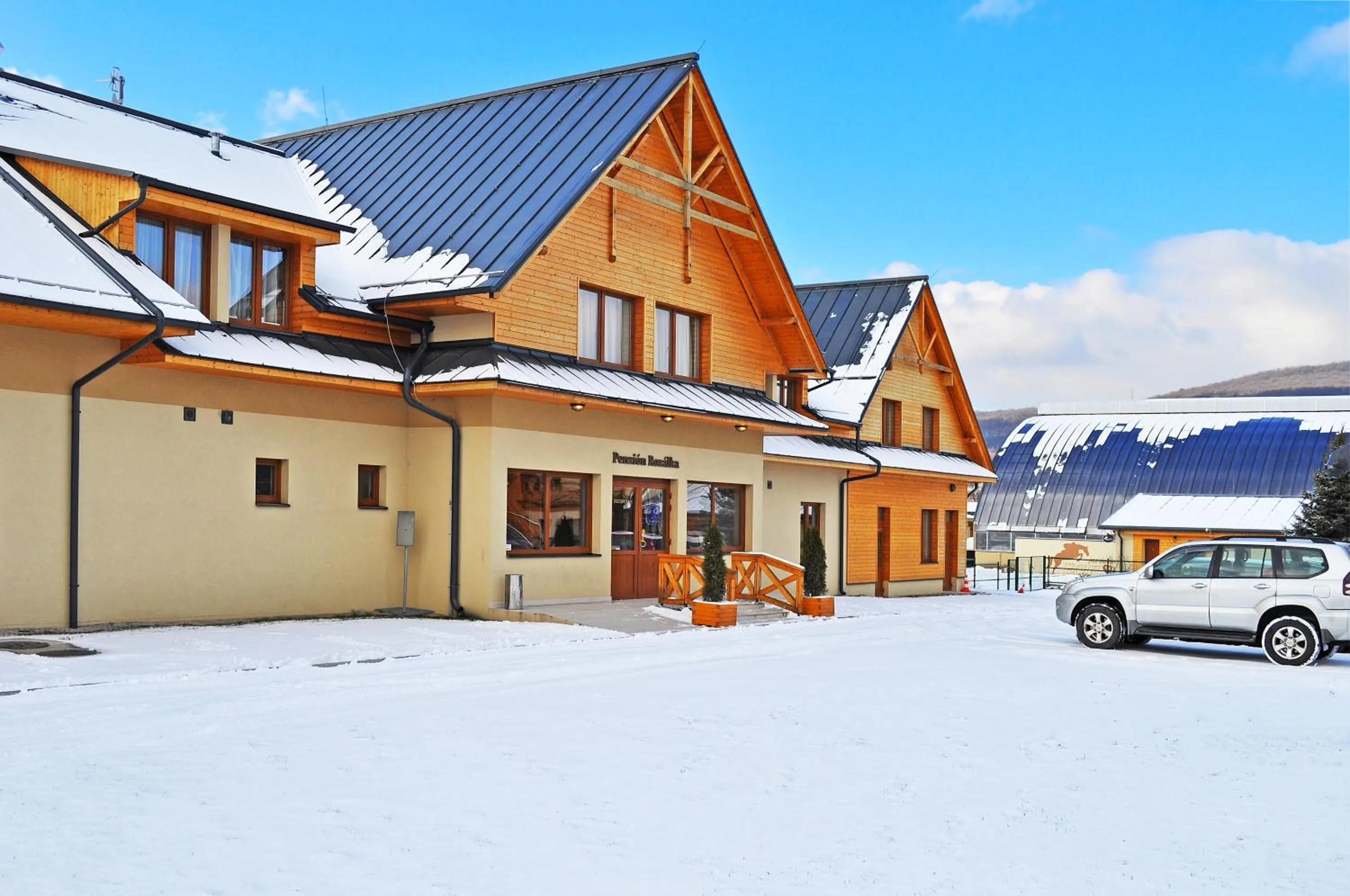 Natural landscape in Hotel Rozálka
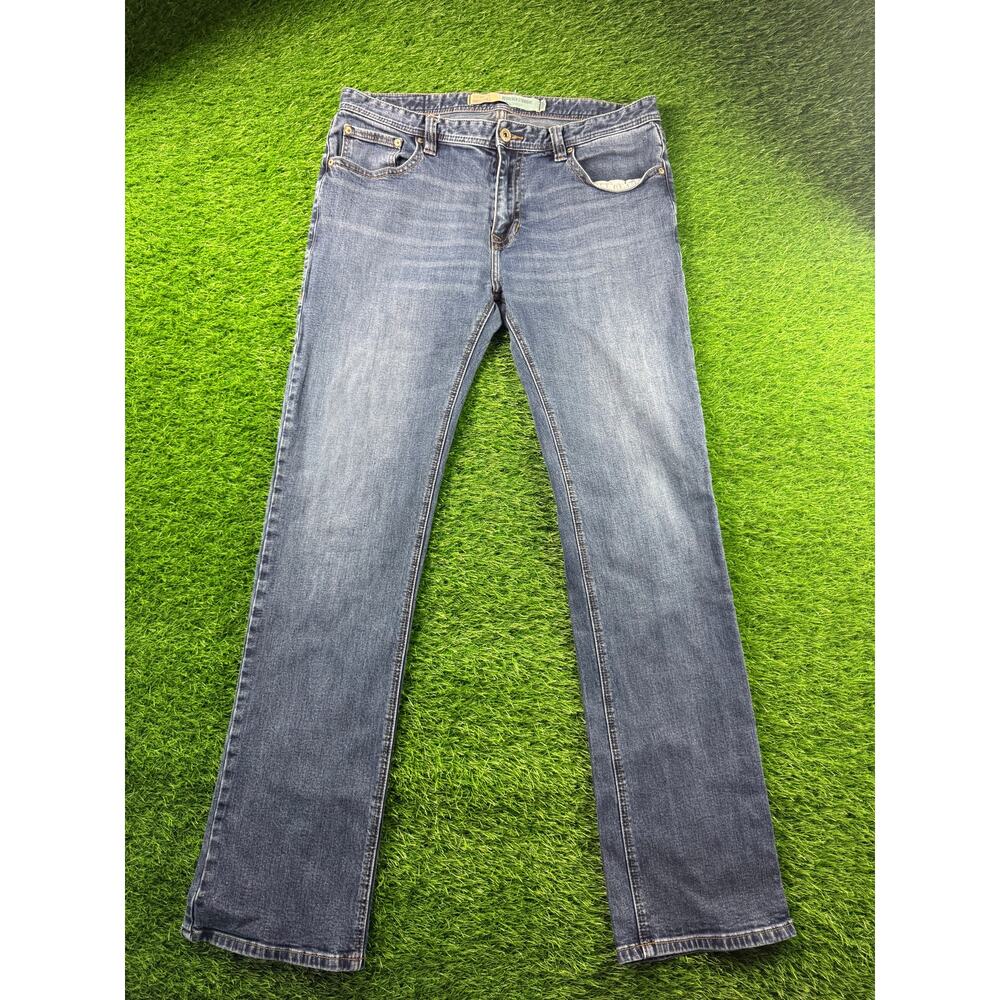 Rock & Roll Denim Mens Revolver Straight Jeans Dark Blue 38x36 Slim Straight Fit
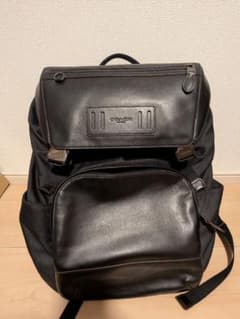 COACH コーチ F50502 リュック 黒 ナイロン レザーのサムネイル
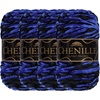 image:imageJubileeYarn Chenille Yarn  100gSkein Worsted Polyester  Shades of Brown  4 Skeins201 Atlantis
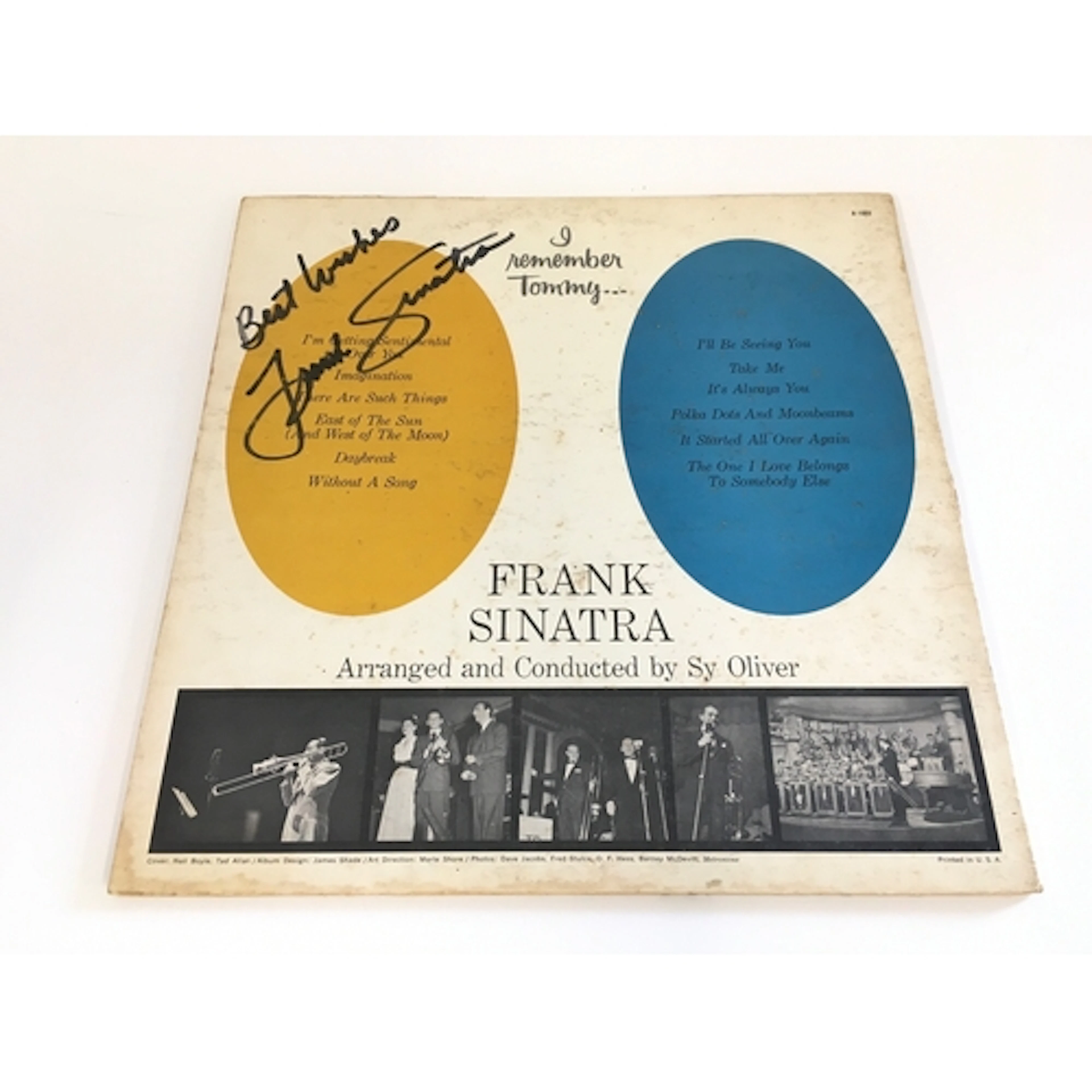 A signed Frank Sinatra LP. Provenance from the vendor as fol...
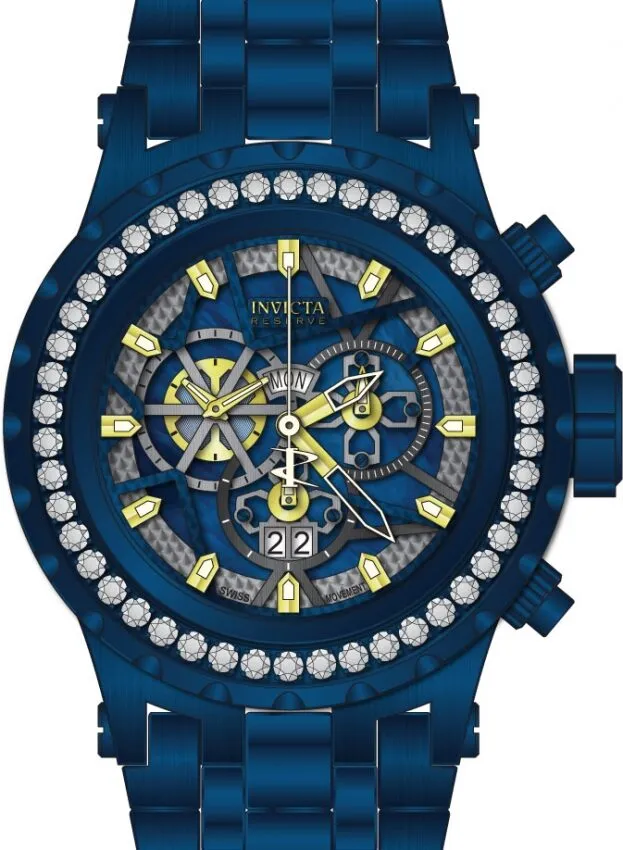 Invicta JT Chronograph Quartz Crystal Blue Dial Men's Watch 33991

● **TASK REQUIREMENTS**
Without the pictures, copy out all the records above exactly.

● **ANSWER TO THIS TASK**
 Natural landscape in Hotel Rozálka
 Rock & Roll Denim Mens Revolver Straight Jeans Dark Blue 38x36 Slim Straight Fit
 COACH コーチ F50502 リュック 黒 ナイロン レザーのサムネイル
 image:imageJubileeYarn Chenille Yarn  100gSkein Worsted Polyester  Shades of Brown  4 Skeins201 Atlantis
 A signed Frank Sinatra LP. Provenance from the vendor as fol...
 Invicta JT Chronograph Quartz Crystal Blue Dial Men's Watch 33991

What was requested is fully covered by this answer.